List of platforms that can currently be set with dwh_platform.

Data Warehouse Platform Link
bigquery BigQuery enterprise data warehouse - Google Cloud
postgres PostgreSQL: The world's most advanced open source database
redshift Cloud Data Warehouse - Amazon Redshift - AWS
snowflake The Snowflake AI Data Cloud - Mobilize Data, Apps, and AI
spark Apache Spark™ - Unified Engine for large-scale data analytics

List of packages that can currently be set with used_dbt_package_names.

dbt Package Name Link
dbt-labs/dbt-utils dbt-labs/dbt-utils: Utility functions for dbt projects.
datnguye/dbterd datnguye/dbterd: Generate the ERD as a code from dbt artifacts

Example:

Adjust the settings according to your environment.

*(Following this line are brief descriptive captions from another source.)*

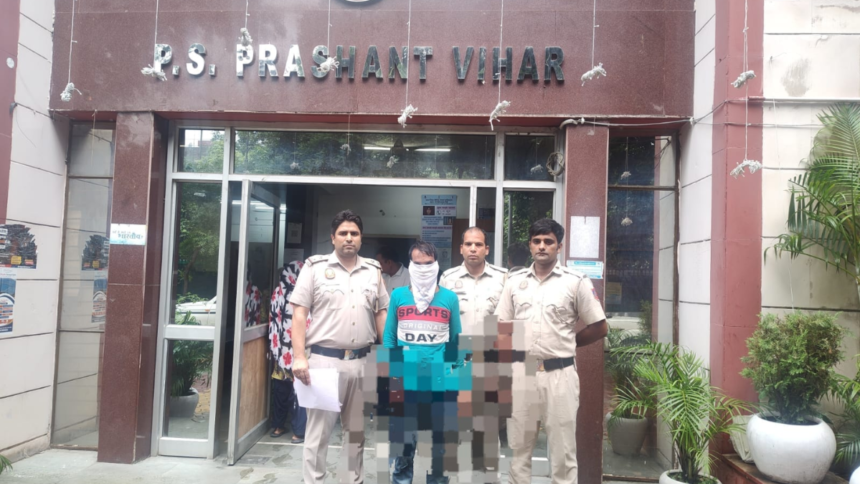 Delhi: सोशल मीडिया पर ज्यादा एक्टिव रहती थी पत्नी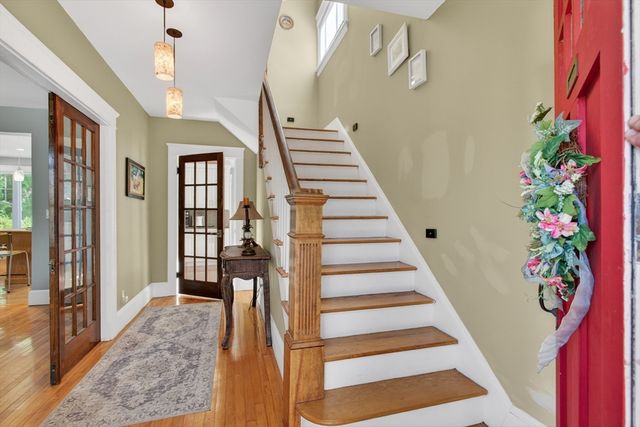 962 Pleasant St, Worcester, MA 01602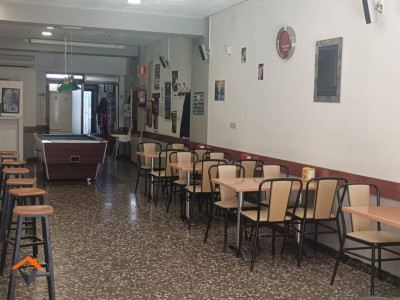 BAR EN FUNCIONAMIENTO CON PATIO DE 70M²!!!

# frozen_string_literal: true

if Rails.env.development?
  require 'active_record/dbt'

  ActiveRecord::Dbt.configure do |c|
    c.config_directory_path = 'lib/dbt'
    c.export_directory_path = 'doc/dbt'
    c.data_sync_delayed = false
    c.used_dbt_package_names = [
      'dbt-labs/dbt_utils',
      'datnguye/dbterd'
    ]
  end
end

Create Configuration Files

Create configuration files for dbt:

$ bin/rails generate active_record:dbt:config

This will create the following files.

File Description
#{config_directory_path}/source_config.yml Used to generate #{export_directory_path}/models/sources/#{source_name}/src_#{source_name}.yml.
#{config_directory_path}/staging_model.sql.tt Used to generate #{export_directory_path}/models/staging/#{source_name}/stg_#{source_name}__#{table_name}.sql.

Generate dbt Source File

dbt Source Configuration

In the #{config_directory_path}/source_config.yml file, describe the properties you want to set for the source. You can configure sources, table_overrides, defaults, and table_descriptions in this file.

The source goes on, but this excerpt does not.